When copying the data, keep every line exactly the same.
━━━━━━━━
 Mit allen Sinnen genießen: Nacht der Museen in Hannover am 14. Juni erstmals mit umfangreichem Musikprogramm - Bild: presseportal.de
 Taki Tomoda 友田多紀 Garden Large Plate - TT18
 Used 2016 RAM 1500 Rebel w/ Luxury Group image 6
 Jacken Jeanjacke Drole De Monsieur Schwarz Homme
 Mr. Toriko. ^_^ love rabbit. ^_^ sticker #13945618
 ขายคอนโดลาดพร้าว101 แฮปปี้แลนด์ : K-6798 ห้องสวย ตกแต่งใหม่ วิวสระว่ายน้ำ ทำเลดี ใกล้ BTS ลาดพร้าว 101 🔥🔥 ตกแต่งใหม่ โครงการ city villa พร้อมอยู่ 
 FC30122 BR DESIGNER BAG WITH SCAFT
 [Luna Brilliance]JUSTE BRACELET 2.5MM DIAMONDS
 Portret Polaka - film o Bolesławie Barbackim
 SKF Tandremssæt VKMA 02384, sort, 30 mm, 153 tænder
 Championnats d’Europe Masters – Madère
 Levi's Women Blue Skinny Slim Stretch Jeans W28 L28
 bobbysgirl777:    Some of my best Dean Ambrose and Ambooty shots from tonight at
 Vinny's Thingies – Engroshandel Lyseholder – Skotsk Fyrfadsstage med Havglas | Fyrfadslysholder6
━━━━━━━━
Exercise response
 Mit allen Sinnen genießen: Nacht der Museen in Hannover am 14. Juni erstmals mit umfangreichem Musikprogramm - Bild: presseportal.de
 Taki Tomoda 友田多紀 Garden Large Plate - TT18
 Used 2016 RAM 1500 Rebel w/ Luxury Group image 6
 Jacken Jeanjacke Drole De Monsieur Schwarz Homme
 Mr. Toriko. ^_^ love rabbit. ^_^ sticker #13945618
 ขายคอนโดลาดพร้าว101 แฮปปี้แลนด์ : K-6798 ห้องสวย ตกแต่งใหม่ วิวสระว่ายน้ำ ทำเลดี ใกล้ BTS ลาดพร้าว 101 🔥🔥 ตกแต่งใหม่ โครงการ city villa พร้อมอยู่ 
 FC30122 BR DESIGNER BAG WITH SCAFT
 [Luna Brilliance]JUSTE BRACELET 2.5MM DIAMONDS
 Portret Polaka - film o Bolesławie Barbackim
 SKF Tandremssæt VKMA 02384, sort, 30 mm, 153 tænder
 Championnats d’Europe Masters – Madère
 Levi's Women Blue Skinny Slim Stretch Jeans W28 L28
 bobbysgirl777:    Some of my best Dean Ambrose and Ambooty shots from tonight at
 Vinny's Thingies – Engroshandel Lyseholder – Skotsk Fyrfadsstage med Havglas | Fyrfadslysholder6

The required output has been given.